New employees are familiarised with the relevant rules for their own security and data security when they start work.

Existing Oniva employees are regularly trained in the careful handling of data. This is achieved through messages on the intranet, blog posts, electronic awareness training on Oniva's internal learning platforms and on-site training sessions.

When the Oniva employee leaves the company, the main identity is automatically blocked on the Oniva systems. Access to the buildings is also blocked at the end of the last working day. It is the responsibility of the line manager to cancel all further access and to withdraw the badge and work equipment from Oniva on the employee's last working day.

Oniva stores the data in accordance with the contractual agreement in data centres with the necessary level of protection. These are third-party data centres (see 2.2).
‍
To ensure data availability, Oniva's storage systems are configured in such a way that more than one component can fail and the data is still available. This is achieved through redundant, distributed data carriers as well as redundant networks and power supplies.

Oniva backs up the data in accordance with the service description. The backup always takes place on storage systems in another data centre with a sufficient geographical distance between the two locations. The different geographical areas serve to minimise possible damage caused by natural events such as lightning, rain, flooding and debris flows to as few locations as possible.

Depending on the services purchased, the customer can also order different levels of data backups. This is shown in the service description or can be requested from the Oniva customer advisor.

Oniva has implemented the necessary processes to identify and evaluate reports of software vulnerabilities and patches and to derive the necessary further steps. The installation of patches may require the cooperation and approval of the customer. If a patch needs to be installed urgently, there is an emergency patch process depending on the service.

Oniva ensures that customer data cannot be viewed by others. To this end, the latest security procedures are used to ensure the separation of customer data on a logical or physical level.

Physical procedures are appropriate when the service and the systems used for this do not allow adequate logical separation. For cost reasons, Oniva always endeavours to use logical procedures wherever possible.

Depending on the service offering, the customer can request that their data be physically separated from the data of other customers. This option is not available in all offers.

Logical procedures have been checked by Oniva to ensure that these procedures cannot be overridden. If Oniva determines that the procedures no longer guarantee this, Oniva will take the necessary countermeasures to restore equivalent protection.

Oniva carries out regular system audits. In the technical area, this includes, for example, a regular check of the IP perimeter or security audits of platforms.
‍
Based on a risk analysis, new services are subjected to a technical review. Any defects identified are rectified by the responsible departments. Depending on the severity of the defects, a supplementary audit is carried out to prove the effectiveness of the rectification.

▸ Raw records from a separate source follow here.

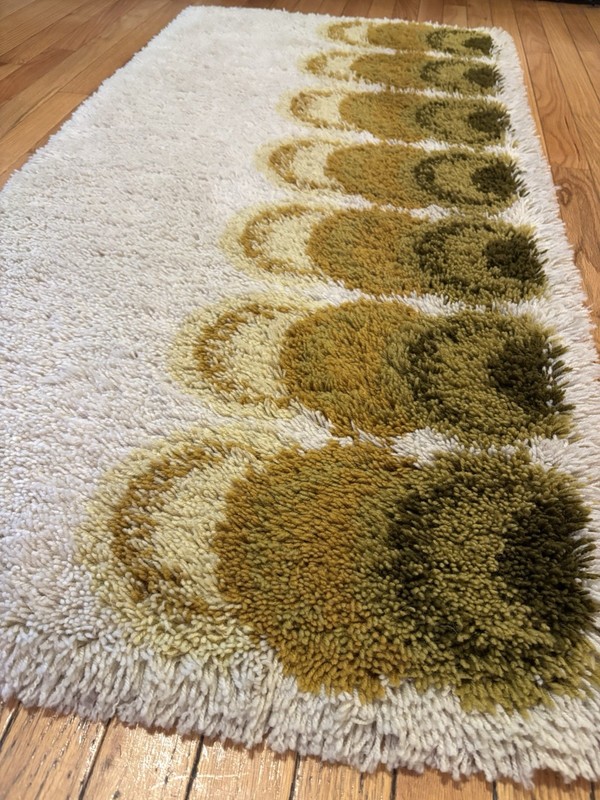Vintage 1970’s Danish Scandinavian Wool Rya Shag Rug 55”x27” gallery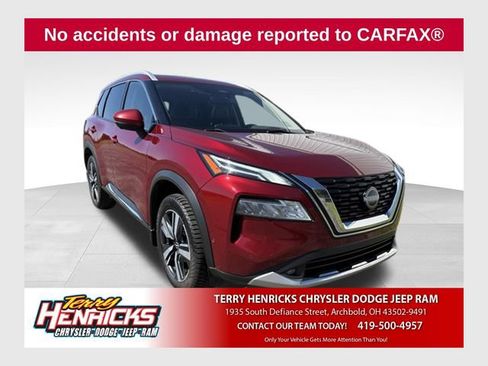Used 2022 Nissan Rogue Platinum AWD/4WD image 1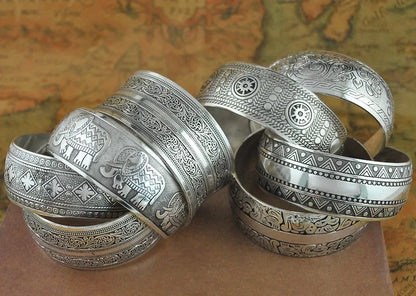 Pahar Cuff Tibetan-Style Silver Bangles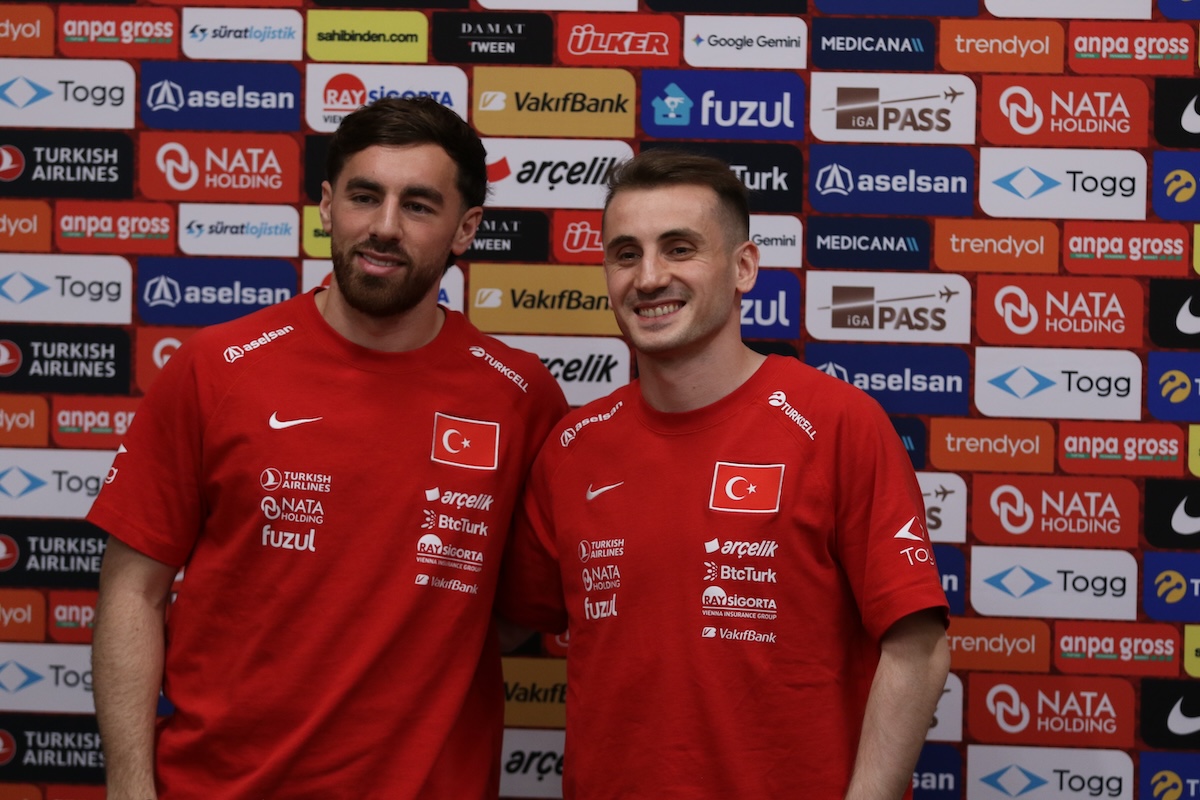 WM-Ansage in Arizona: Kerem Aktürkoglu verspricht den Fans eine historische Jagd nach dem Weltmeister-Erfolg!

Oniva operates a risk management system throughout the company in order to identify and quantify risks and, together with the responsible organisations, initiate measures to reduce the risks.

Oniva participates in a bug bounty programme. This enables anyone to report security vulnerabilities identified in Oniva's services in a centralised manner. The reports are evaluated and the necessary countermeasures are taken, e.g. a patch is created for software or the code of a website is improved. Finally, the vulnerability report is published by the reporter and the reporter is compensated depending on the severity of the vulnerability.

Oniva's data protection organisation maintains a risk management system to identify and document Oniva's data protection risks and to ensure that the risks identified are dealt with accordingly. The data protection organisation ensures that there is appropriate communication and allocation of responsibility for data protection risks at all levels. The data protection organisation is in continuous communication with other risk management functions at Oniva.